La pandemia de COVID-19 ha generado una oleada de desinformación sin precedentes. Ante la demanda social que las señala como responsables, las empresas dueñas de Facebook, WhatsApp y Twitter han implementado cambios en su funcionamiento. Pero el uso de algoritmos no es suficiente para eliminar contenidos que requieren de la interpretación humana.
Durante los últimos seis meses el mundo ha librado una batalla, que aún sigue, contra una nueva enfermedad y el virus que la causa. Pero además de la pandemia de COVID-19, vivimos inmersos en la infodemia: un tsunami de desinformación que lo ha impregnado todo a la misma velocidad que el famoso virus.
Son esas cadenas que nos llegan al grupo de WhatsApp familiar con supuestos remedios para la enfermedad, los audios catastróficos que circulan por las redes sociales sin que nadie consiga identificar quién o dónde se han grabado, los estados de Facebook que avisan de que el coronavirus en realidad no existe, los tuits que cacarean resultados científicos a partir de estudios dudosos, los vídeos con entrevistas a supuestos médicos que ponen en duda la utilidad de la distancia social y las mascarillas.

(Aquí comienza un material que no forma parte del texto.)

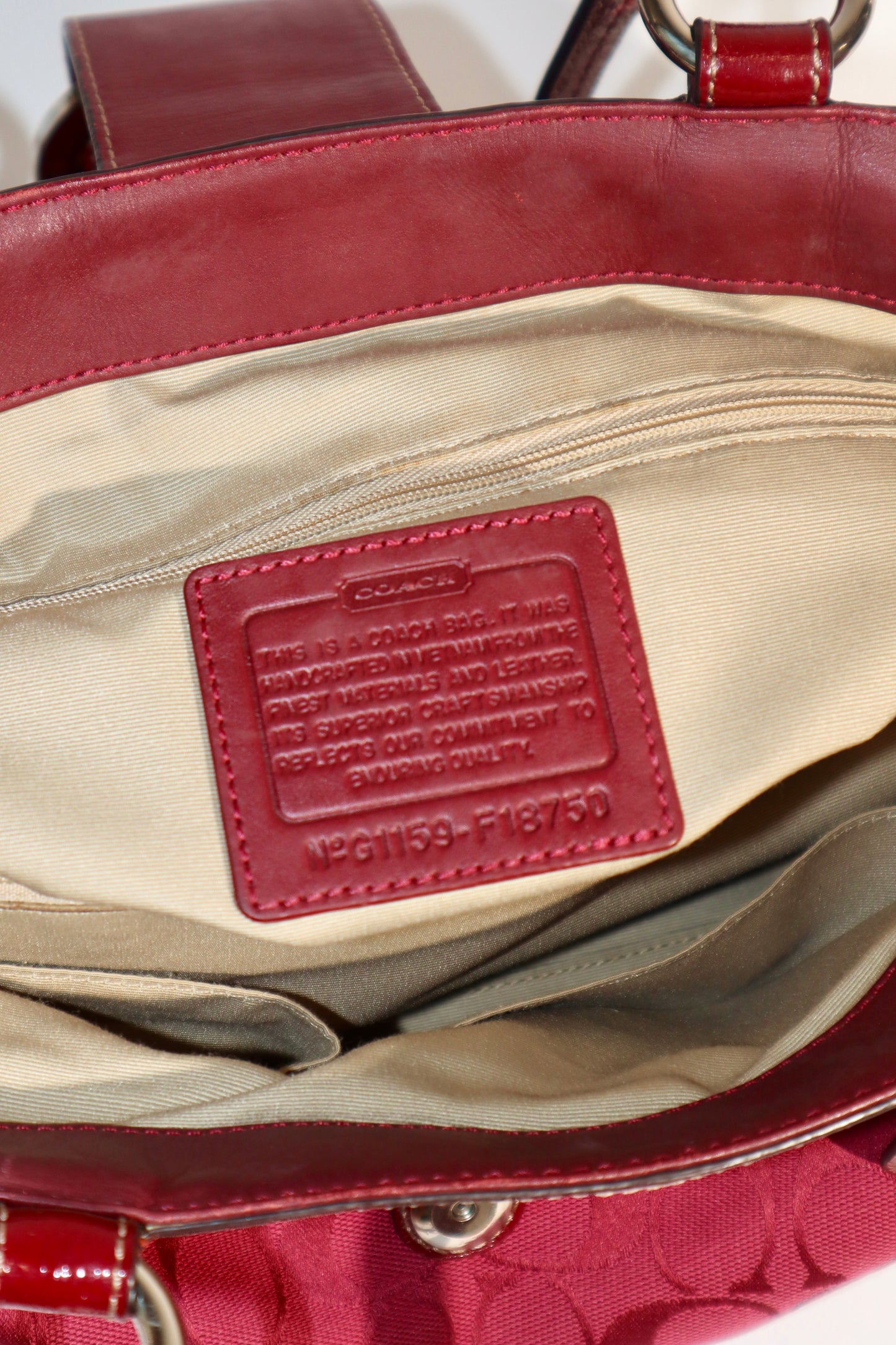 Vintage Coach Soho F18750 Tote Shoulder Bag Red Signature Canvas Patent Leather | Rare Y2K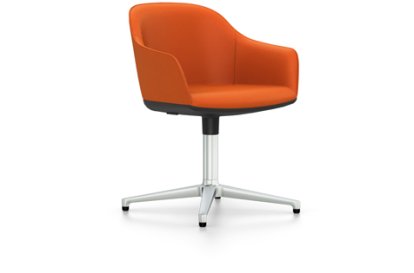 Softshell Armchair auf Viersternfuß, Aluminium poliert, Plano, orange, Gleiter für Teppichboden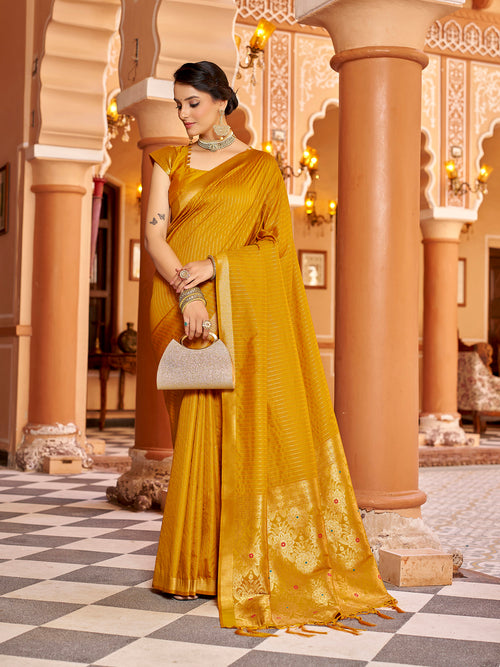 Dista Elora Mustard Soft Silk Kanjivaram Zari Jacquard Work Designer Saree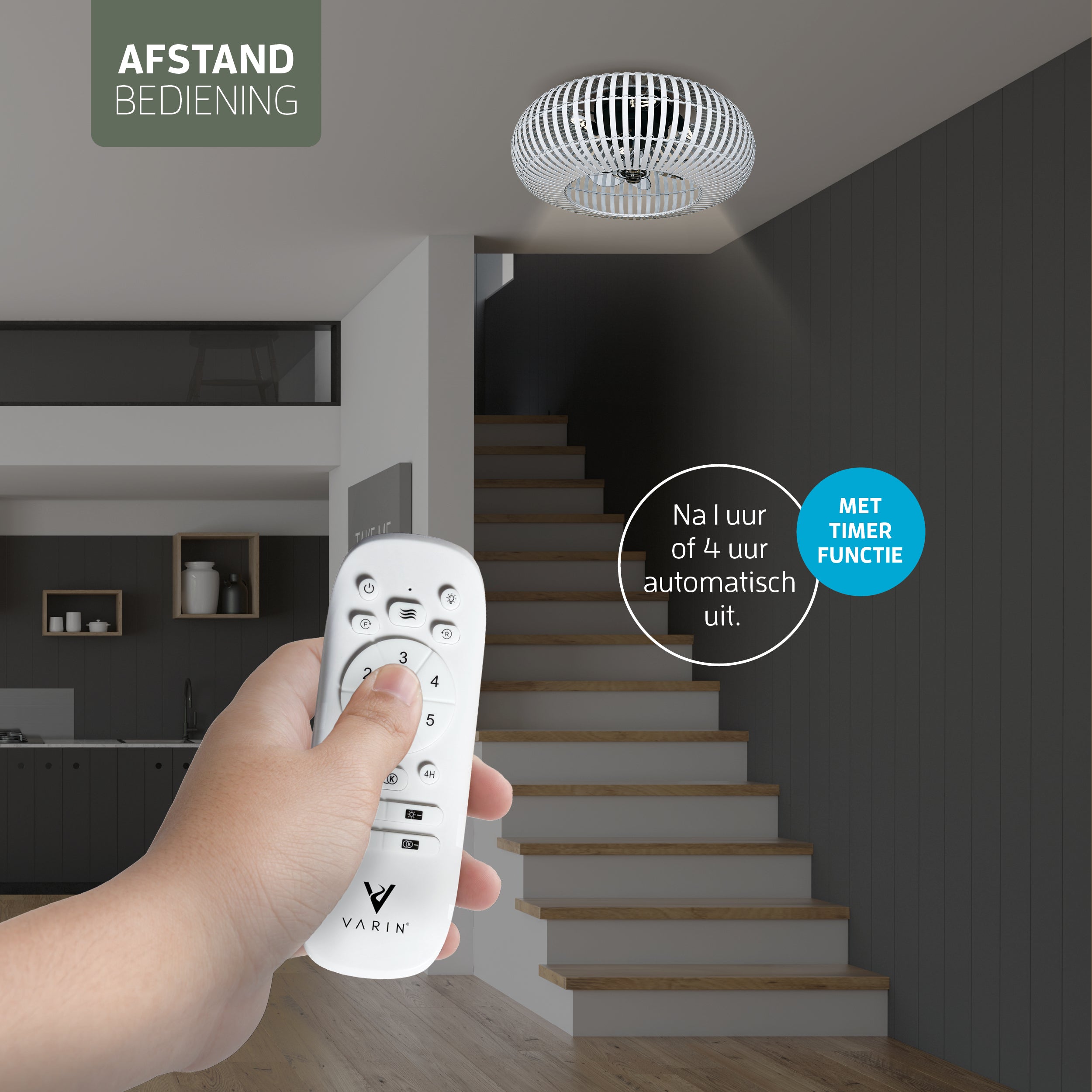 Varin® Smart Plafondlamp met ventilator - Bamboe Wit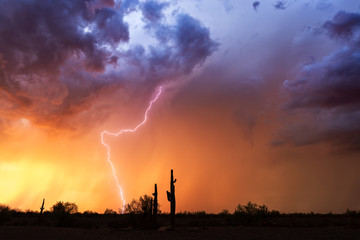 Lightning bolt strike from dramatic storm clouds.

Contenido que toca las teclas adecuadas para hacerse viral, dejando a su paso aún más miedo, incertidumbre y polarización que el propio coronavirus.
Igual que los profesionales sanitarios tratan de frenar la enfermedad con el compromiso ciudadano, periodistas y verificadores de todo el mundo intentan combatir la infodemia. Las empresas tecnológicas dueñas de las redes sociales han aparecido también en esta escena, tomando una serie de medidas contra la desinformación.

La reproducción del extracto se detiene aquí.